That’s one of the funny things about Jane as a writer. When you read her books, you can feel her alongside you, laughing with you, leading you down the path of her narrative, but when you have to define her as an actual person things get complicated. Her heroines have so many different traits; Emma is very different from the Bennet sisters, etc. She is so good at characterization you have to wonder if any of her “real life” experience or traits inhabit any of her characters.

Most scholars will argue that writers grow from book to book, so could an argument be made that she is more like Catherine Morland from NORTHANGER ABBEY than her others?

No, I can’t see it.

I can’t imagine a character like Catherine (even with her wild imagination and love of books) creating novels. Some Austenites would point to Anne Elliot from PERSUASION for being the most like her (maybe the book is playing out a fantasy she had about a returning love?), but that would be a much later creation when her skills were at the strongest. Would it be near the end of her career that she would really allow herself to slip in? With someone with her literary skills it feels like a moment of weakness.

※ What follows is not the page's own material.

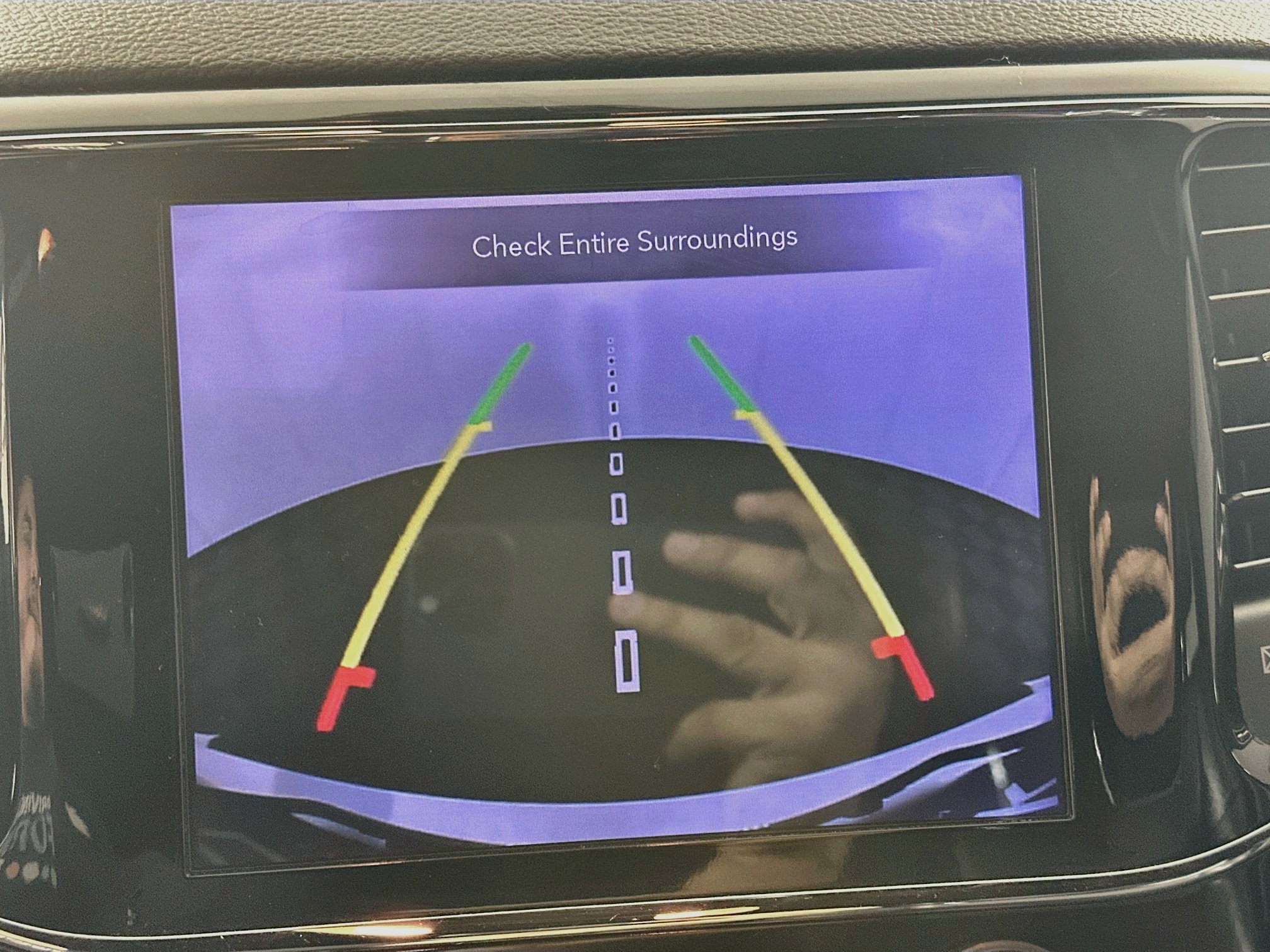 Used 2019 Jeep Grand Cherokee Altitude RWD image 23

So in many ways this first trip to England (with nothing but a full backpack and a paperback showing famous literary locations), was a test for A JANE AUSTEN DAYDREAMThe possibility of this novel becoming a reality rested on this outing.

Chawton House - Jane Austen's final home.

The first place I went around Jane Austen was the Jane Austen’s House Museum in Chawton. This is where Jane spent the last years of her life. It is where some of her classics first took breath and where many of her works were fine tuned.

Chawton is a small village and not at all easy to find. I had to take a train trip and then walk to the village. Once arriving, it is very charming and I can see why fans of her novels love visiting the city. It feels like one of her novels could take place on those streets, in those gardens, in those fields… yet, something felt off to me.

Jane’s actual house, which is the museum now, was a modest home even in that time period. Since Jane’s living there, there have been some structural changes to it. Yet, it is still easy to imagine her wandering those halls, sitting in that garden. And as I walked through the little building I took many pictures. Pictures I knew that I would return to later if I was able to find the key to her character. Still, in each little room, my feeling of discomfort was growing. Yes, as I visited each room, the feeling increased until I had to leave and sit in the garden, get a breath of fresh air.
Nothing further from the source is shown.